# How to present trade details to accountant



## bonkerrs (20 July 2009)

I tried doing my own tax return on ETax 2009  - think I'll leave it to the experts this year, might try again next year after seeing how they prepare it.

But for now. Was wondering - If you have an accountant to do your tax return. How do you present your trading activities to them?... in excel? I'm wanting to get it so it is easily read to send to the accountant.

I've downloaded the Comsec confirmed notes (into Excel) and it seems it is all the info they would need... buy/sell/brokerage both ways/trade date/settlement date. I'll probably just create some totals at the bottom. I'll post my own spreadsheet tomorrow to get some comments from ASF members. Maybe it'll suffice.

To mods. Can I mention the business name of an accounting company, wanted to see if anyone has past dealings with them and wanted some feedback?


----------



## rock86 (20 July 2009)

bonkerrs said:


> I tried doing my own tax return on ETax 2009  - think I'll leave it to the experts this year, might try again next year after seeing how they prepare it.
> 
> But for now. Was wondering - If you have an accountant to do your tax return. How do you present your trading activities to them?... in excel? I'm wanting to get it so it is easily read to send to the accountant.
> 
> ...




bonkerrs. Excel files, printouts, whatever. As long as you show the dates of transactions, prices paid/sold, number of shares per transaction, etc. All the information you'll be sweet. All your accountant will do (or what we do) is setup our own share schedules in excel with the information the client gives to us (most clients just print there trading account activity statements out and give it to us), then this schedule allows us to compute the capital gains/losses on transactions, eligibility for discount, the net capital gain/loss, remaining shares; you get the jist So really it doesn't matter the way you give them the info, cause they are only going to set up there own schedule anyways


----------



## bonkerrs (21 July 2009)

Thanks. I've heard many stories of people being charged $$$ for badly/messily presented trading/investment details to their accountant. Didn't want to add to those stories!


----------



## rock86 (21 July 2009)

bonkerrs said:


> Thanks. I've heard many stories of people being charged $$$ for badly/messily presented trading/investment details to their accountant. Didn't want to add to those stories!




Fair enough


----------



## lasty (21 July 2009)

bonkerrs said:


> Thanks. I've heard many stories of people being charged $$$ for badly/messily presented trading/investment details to their accountant. Didn't want to add to those stories!




There are many stories and alot of accountants dont know how to handle some of the transactions.

You should invest in some software that enables you to produce your own reports and lodge directly with the ATO.
Some broking house offer these. Others offer these but you pay on your holdings (FUM).


----------



## munga (21 July 2009)

rock what would your advice be on investor v trader
im seeing my accountant this week and have just prepared
my statements. like a lot of people i experienced losses last year
and my accountant will ask what am i a trader or investor.
i believe a investor can carry over capital losses to the next year
and a trader can claim the loss this year. unsure which way to go.
sorry if this is getting away from original thread


----------



## cutz (21 July 2009)

bonkerrs said:


> But for now.
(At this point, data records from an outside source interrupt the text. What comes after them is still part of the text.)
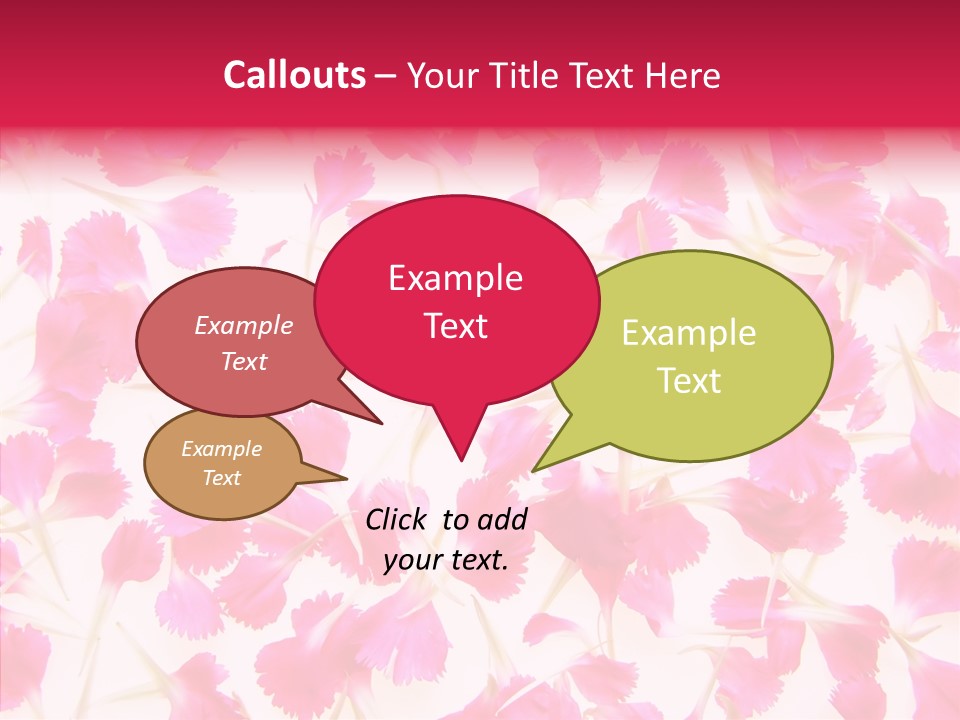 Garden Dianthus Nature PowerPoint Template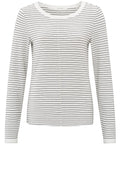 Blanc De Blanc Striped Jersey Top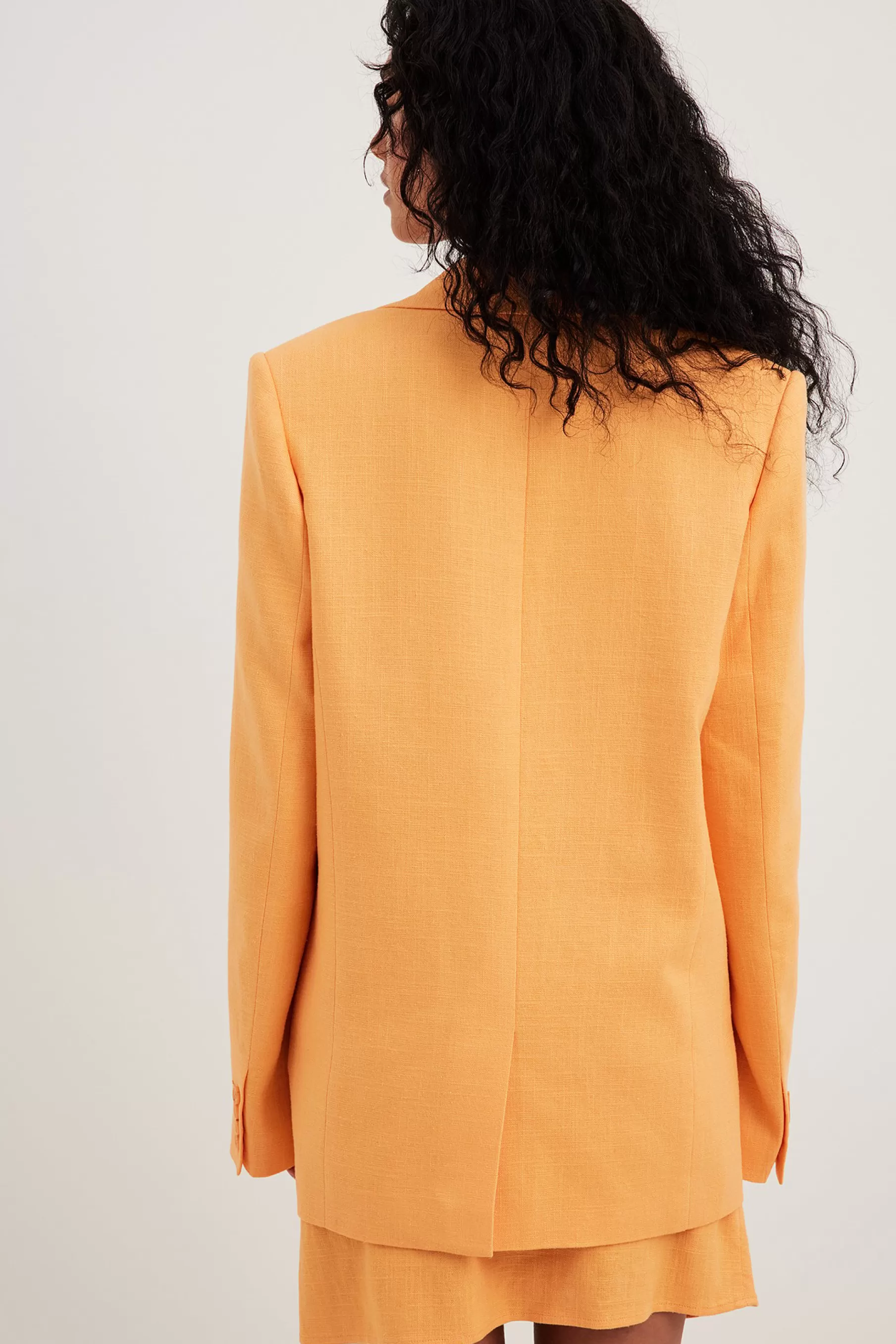 NA-KD Pocket Detail Straight Blazer Orange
Was wondering - If you have an accountant to do your tax return. How do you present your trading activities to them?... in excel? I'm wanting to get it so it is easily read to send to the accountant.




I just hand over excel spreadsheets.


----------



## beamstas (21 July 2009)

bonkerrs said:


> Thanks. I've heard many stories of people being charged $$$ for badly/messily presented trading/investment details to their accountant. Didn't want to add to those stories!




We are charging you for our time, generally in 6 minute increments.

If you give it to us on an excel sheet, presented OK then you'll be charged accordingly.

If you give us 250 contract notes with random junk added in like receipts for your coffee last tuesday then you are going to be charged accounting rates for us to do bookeeping for you, ie: put it into a spreadsheet for you.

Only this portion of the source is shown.